**What is being asked**
Restate exactly the lines below, from the one containing "ZippyPaws Jigglerz® Duck ZippyPaws" through the final line, and leave out the pictures.

**Material provided**
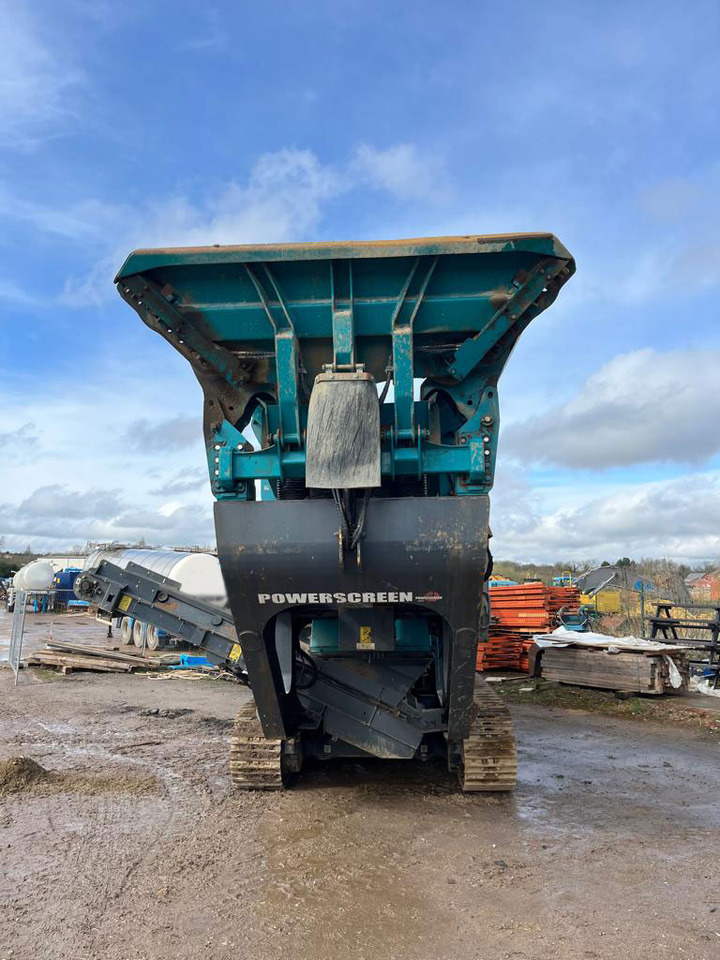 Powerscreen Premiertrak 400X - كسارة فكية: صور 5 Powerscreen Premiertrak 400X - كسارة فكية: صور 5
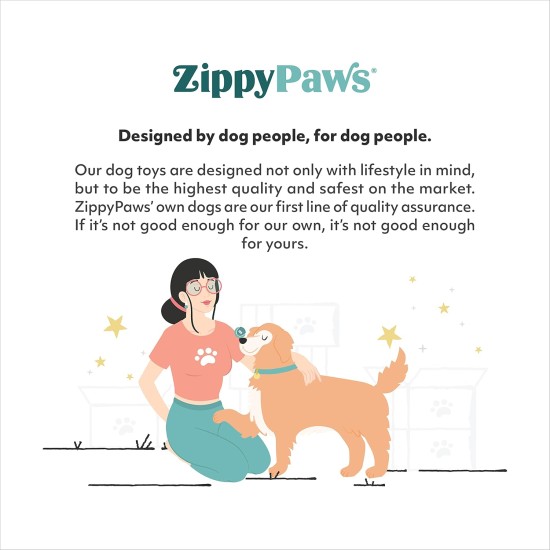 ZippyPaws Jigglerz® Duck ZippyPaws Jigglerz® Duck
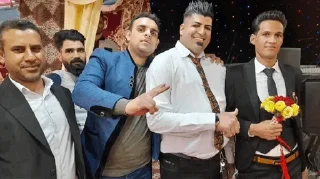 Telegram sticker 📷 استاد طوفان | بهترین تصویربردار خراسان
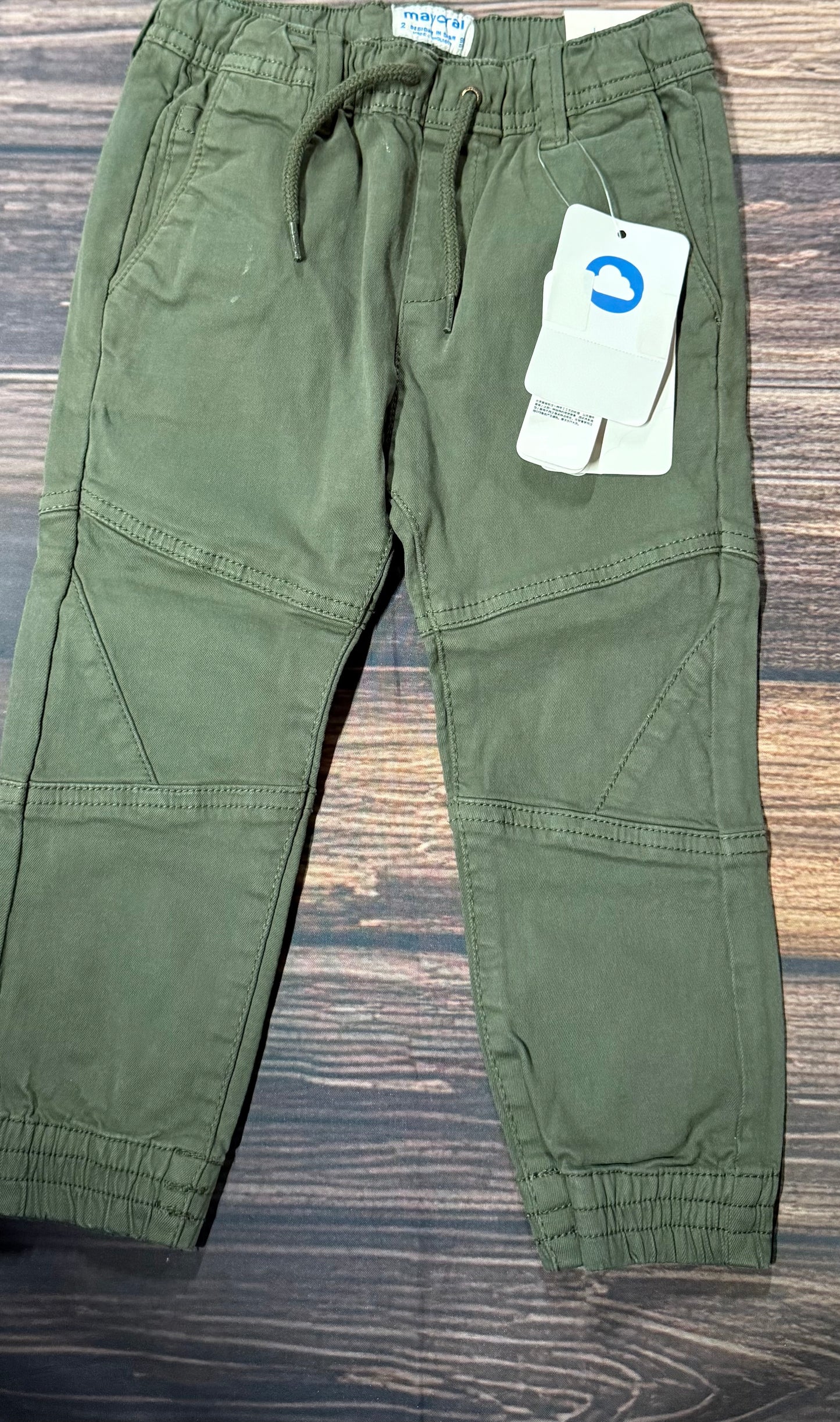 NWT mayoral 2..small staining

**Your solution**
 ZippyPaws Jigglerz® Duck ZippyPaws Jigglerz® Duck
 Telegram sticker 📷 استاد طوفان | بهترین تصویربردار خراسان
 NWT mayoral 2..small staining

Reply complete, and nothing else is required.